There’s an underlying tension between physicians and health policy experts.
Health policy experts take subtle jibes against physicians in their analyses, with many feeling American doctors are overpaid, which exacerbates health costs. They tend to be politically progressive, and generally dismiss the issues that most doctors care deeply about. Medical malpractice, tort reform and the cost of medical education, for instance.
And doctors can be antagonistic to policy experts. As most wonks are not physicians themselves, doctors generally discount their opinions, since they haven’t gone through the rigors of physician training, and are shielded from the day to day realities of practicing medicine.

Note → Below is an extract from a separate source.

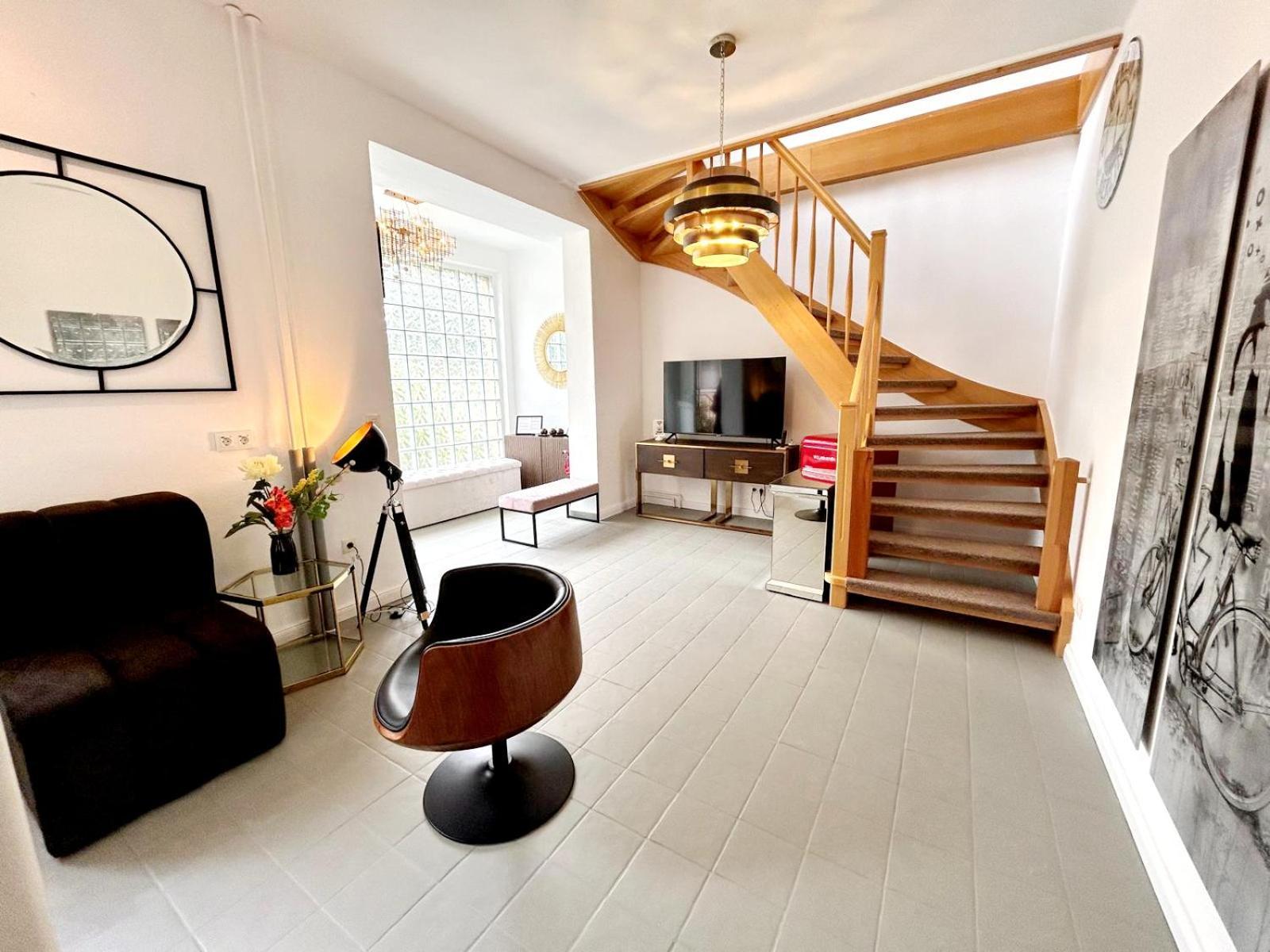 Duplex Apartment Ullstein- 4 Bedrooms, 2 Bathrooms, Living Room, 2 Parking Spaces, Boxspringbeds, Family & Business Apartment! Berlin Eksteriør bilde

Yes, I’m generalizing, but those are the themes I’ve observed from the health reform conversation over the past few years.
But if we are to fix our health system, both sides need to come together.

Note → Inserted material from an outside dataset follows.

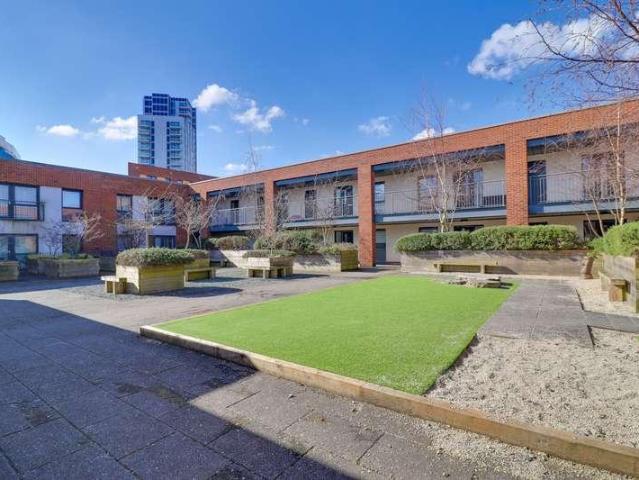 2 bed flat for sale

Consider a recent NEJM piece, which asks the following:
Are U.S. physicians sufficiently visionary, public-minded, and well led to respond to this national fiscal and ethical imperative? It’s a $640 billion question.
Merrill Goozner, a progressive policy commentator, answers:
The short answer, of course, is no. If they were public spirited, would they lobbying as hard as they are to restore physician pay — the so-called “doc fix” — which will cost the government another $300 billion for Medicare over the next decade?
It’s a subtle physician-antagonistic response that policy wonks on the progressive side — Goozner, Ezra Klein, Maggie Mahar, and Paul Krugman, to name a few — occasionally make that only exacerbates the discord.
Yet, to successfully reform our health system, doctors need to be at the forefront, not policy experts. And I’m not saying that because I’m a physician myself. The data says so.
A Gallup poll, conducted in 2009, found that physicians garnered the highest level of public trust when it came to health reform.
Patients still trust their doctors. Which is why it baffles me when policy experts don’t give doctors many olive branches when making their health reform arguments. Given the rancor surrounding the debate, it seems that reformers could use all the support they can get.
Take the contentious issue of physician salaries, for instance. Most progressive wonks feel that American doctors are overpaid, and in their ideal world, would like a single payer system where doctors are on a salary in line with the rest of the world. Ezra Klein, for instance, continually points to France to illustrate this point.
Well, it’s no surprise that doctors are hostile to that worldview. Of course, no one likes to get their pay cut. But, why not balance the argument by including the cost of American medical education? Yes, American doctors are paid more than any other physician in the world. But look at what it costs to train them:
If policy experts included medical education reform (or medical malpractice reform) with their arguments for paying doctors less, it would be better accepted by the medical community. I’ve written before that more than a few doctors would exchange medical school debt relief in exchange for a strict salary. Or medical malpractice reform in exchange for less pay.
I appreciate the data-driven arguments that policy wonks present to illustrate, and potentially solve, our dysfunctional health system. But charts by themselves cannot convince the public, whose acceptance is key to any variation of health reform.
To do so, health reformers need doctors on their side. Why policy experts don’t make more of an effort to sway more doctors is a mystery to me, and a tragically missed opportunity.